Every line below from the one with "VT license plate BVN493" through the one with "Slip On Sneakers, Stickade, Andningsbara, Ortopediska" should be retyped exactly, both ends included; no other lines and no pictures.

* [Records]
--- START ---

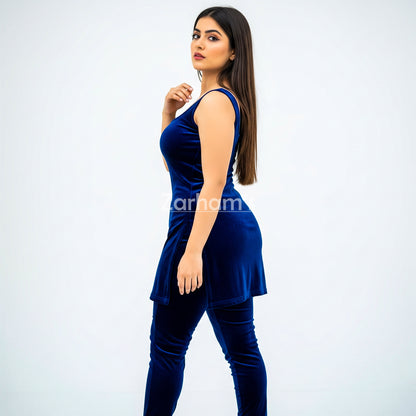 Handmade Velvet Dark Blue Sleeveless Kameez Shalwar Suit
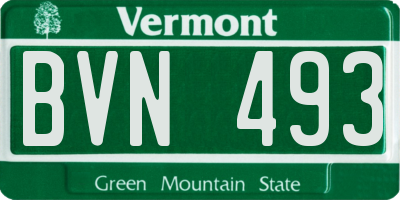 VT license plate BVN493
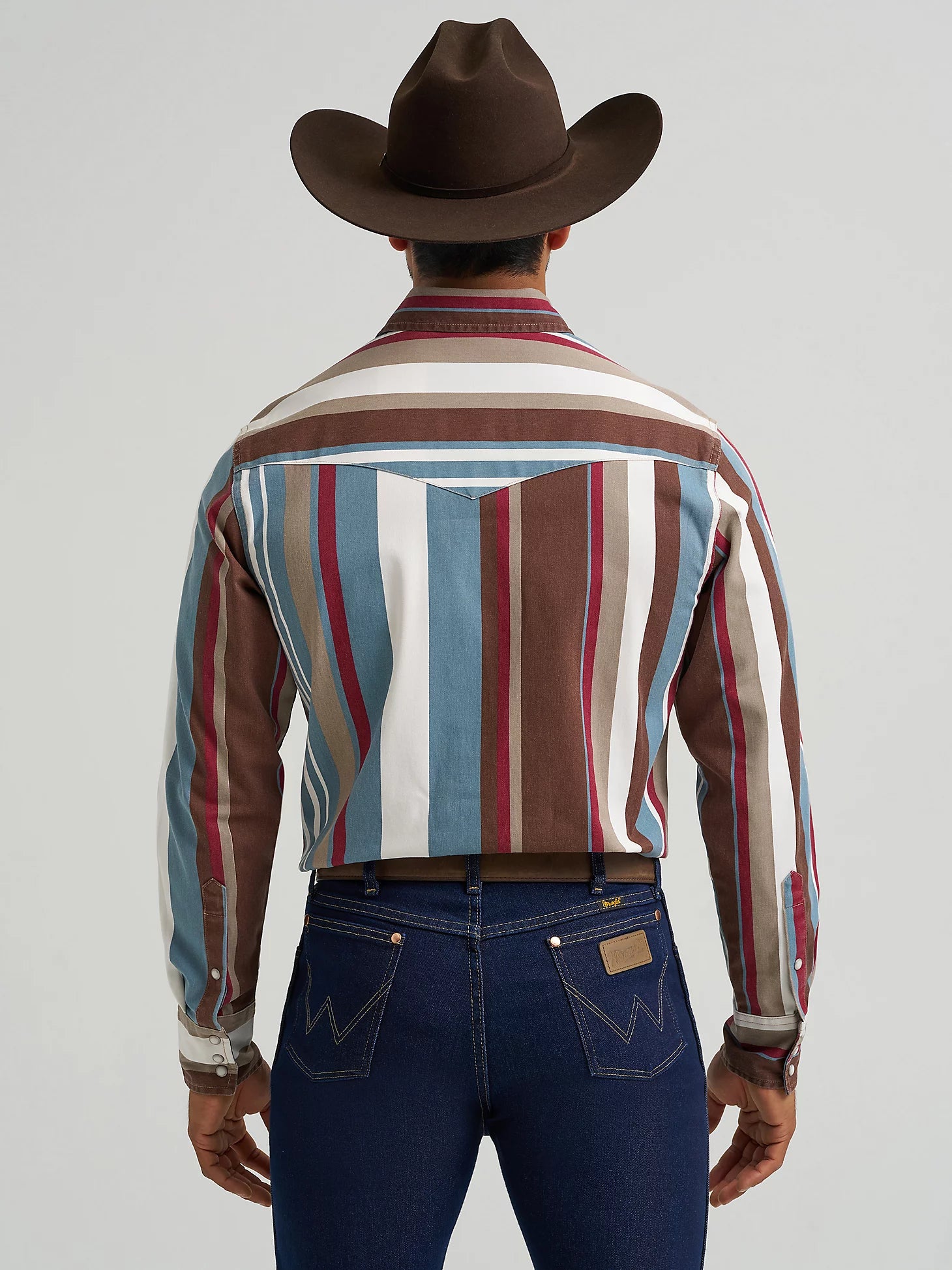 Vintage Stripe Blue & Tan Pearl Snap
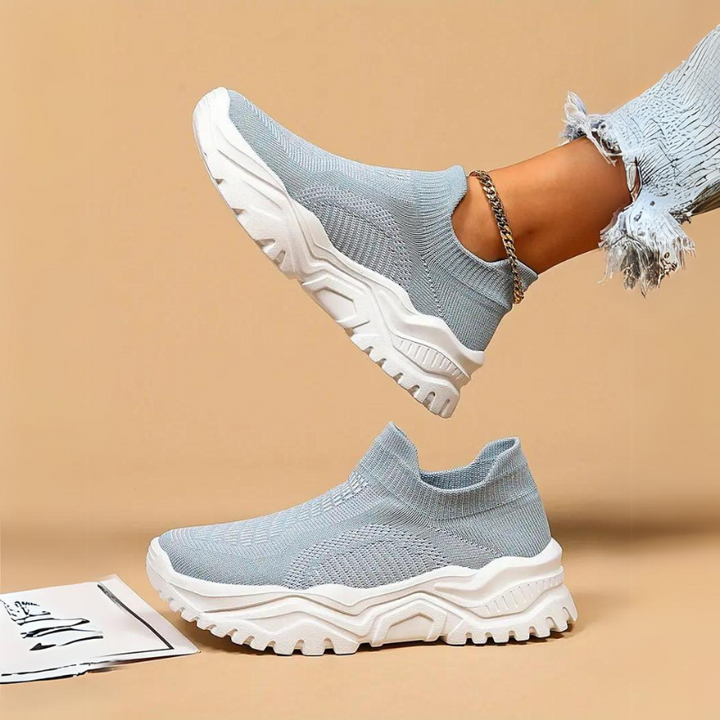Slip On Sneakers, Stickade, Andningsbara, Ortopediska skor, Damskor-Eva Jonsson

--- END ---
--- START ---

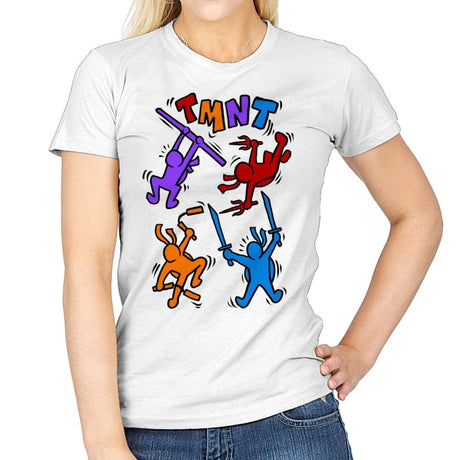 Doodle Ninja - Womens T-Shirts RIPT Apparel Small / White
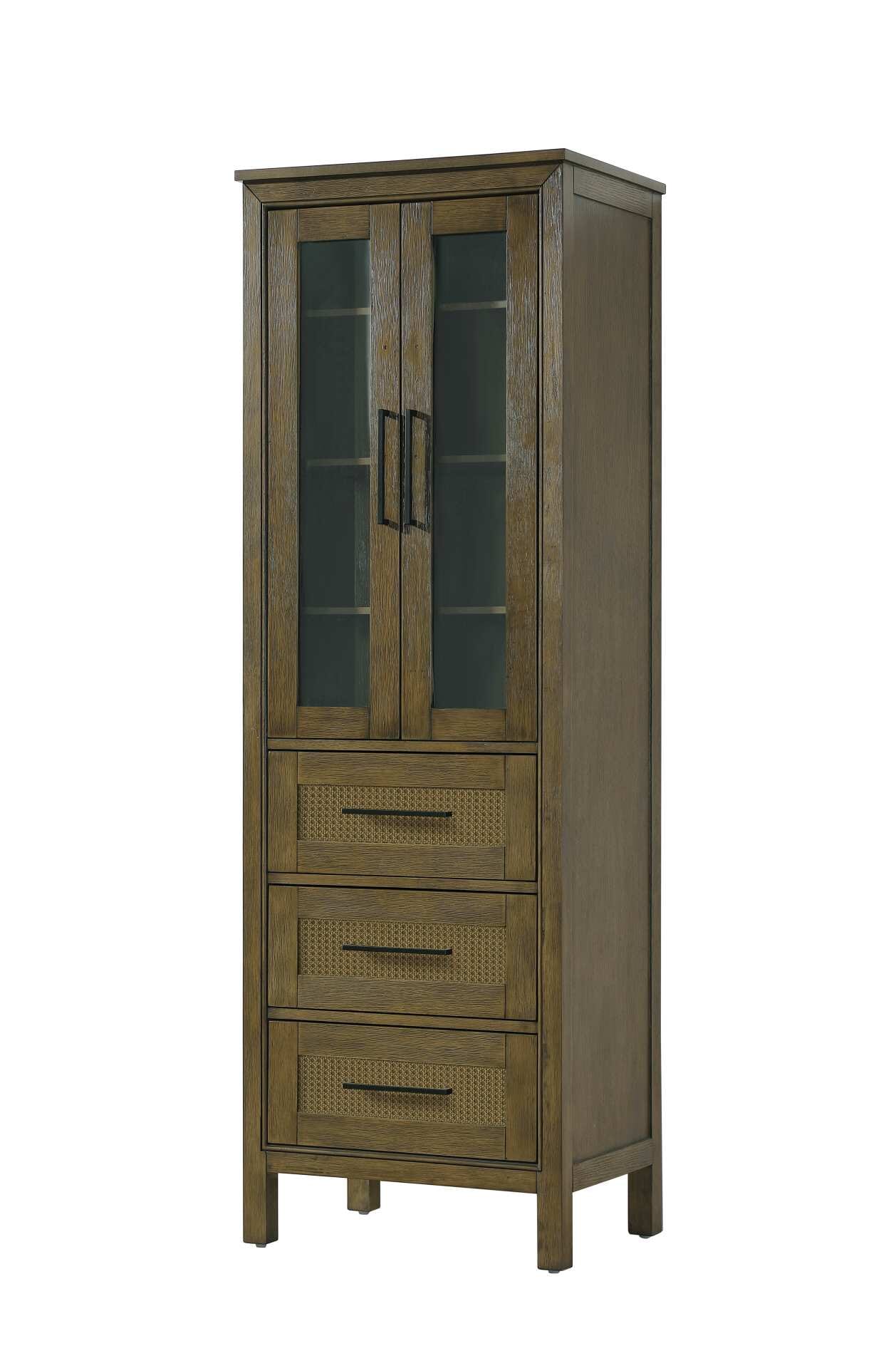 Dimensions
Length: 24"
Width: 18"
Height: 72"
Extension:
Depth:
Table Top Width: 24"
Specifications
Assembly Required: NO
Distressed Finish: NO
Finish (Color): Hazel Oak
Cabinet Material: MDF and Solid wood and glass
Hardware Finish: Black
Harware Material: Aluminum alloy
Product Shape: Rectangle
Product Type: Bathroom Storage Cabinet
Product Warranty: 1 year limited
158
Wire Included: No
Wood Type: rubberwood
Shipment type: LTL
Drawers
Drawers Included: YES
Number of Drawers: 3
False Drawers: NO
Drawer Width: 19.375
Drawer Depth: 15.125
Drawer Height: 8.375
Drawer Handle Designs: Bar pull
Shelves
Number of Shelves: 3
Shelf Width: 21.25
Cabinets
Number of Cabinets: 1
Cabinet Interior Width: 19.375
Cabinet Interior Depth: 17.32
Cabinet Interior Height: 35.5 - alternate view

--- END ---
--- START ---

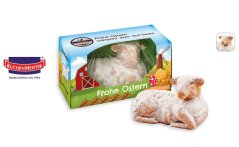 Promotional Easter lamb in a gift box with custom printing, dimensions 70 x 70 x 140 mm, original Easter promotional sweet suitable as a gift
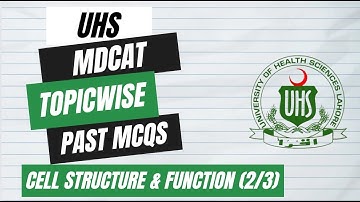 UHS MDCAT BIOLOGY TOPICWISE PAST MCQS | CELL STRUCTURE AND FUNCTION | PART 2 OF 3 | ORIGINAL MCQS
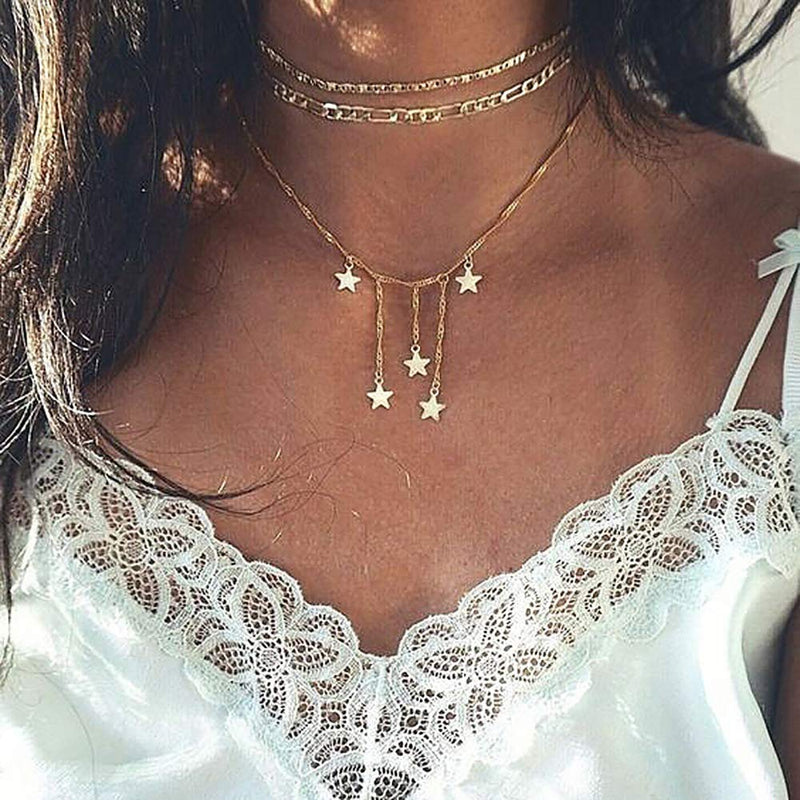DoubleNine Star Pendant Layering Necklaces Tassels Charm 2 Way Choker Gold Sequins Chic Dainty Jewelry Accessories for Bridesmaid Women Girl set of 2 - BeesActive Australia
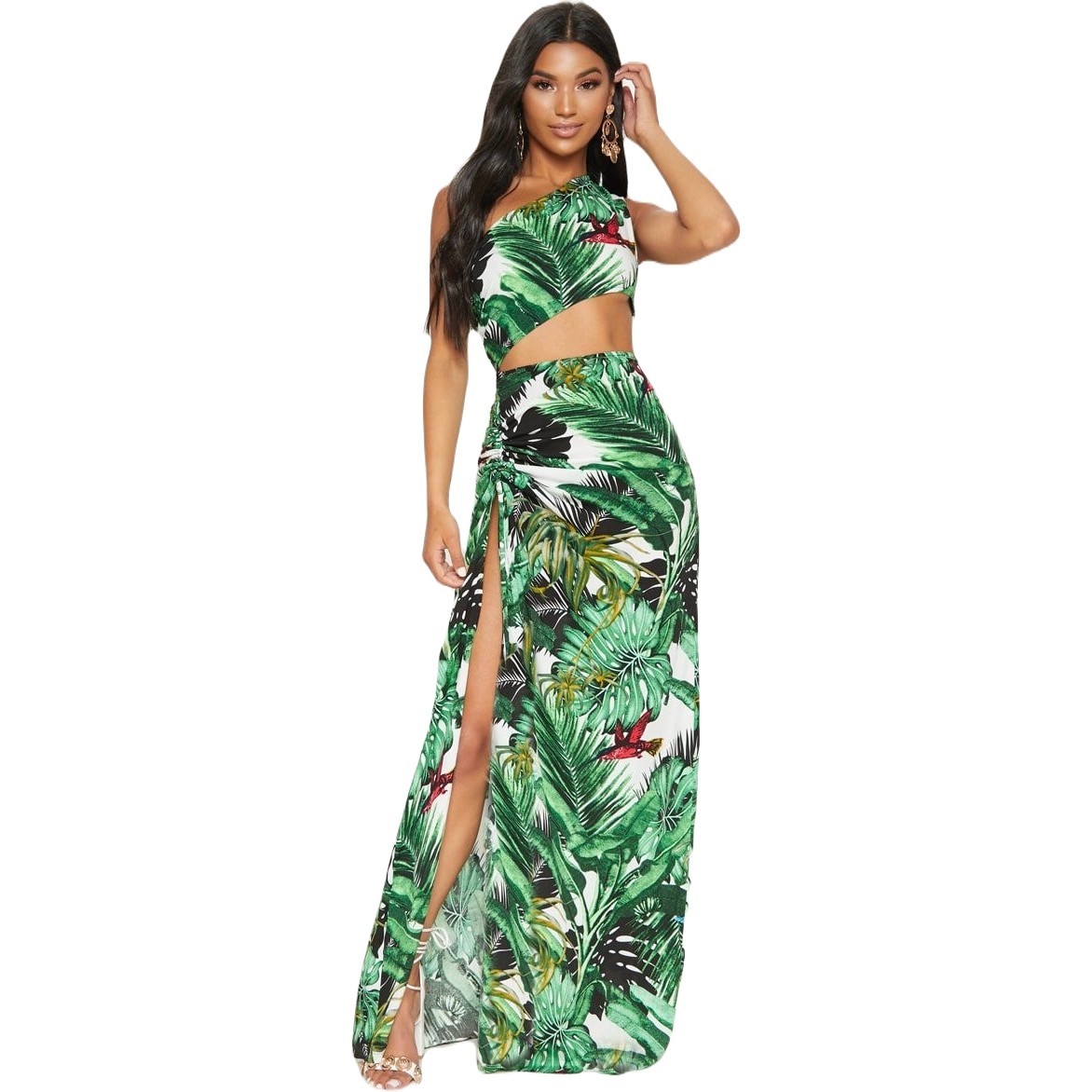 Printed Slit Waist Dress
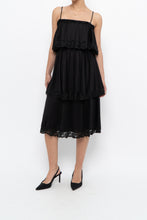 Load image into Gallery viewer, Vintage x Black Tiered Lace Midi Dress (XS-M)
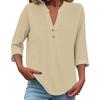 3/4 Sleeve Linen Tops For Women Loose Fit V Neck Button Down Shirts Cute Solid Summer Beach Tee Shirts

--- END ---

* [Output of the exercise]
 VT license plate BVN493
 Vintage Stripe Blue & Tan Pearl Snap
Slip On Sneakers, Stickade, Andningsbara, Ortopediska skor, Damskor-Eva Jonsson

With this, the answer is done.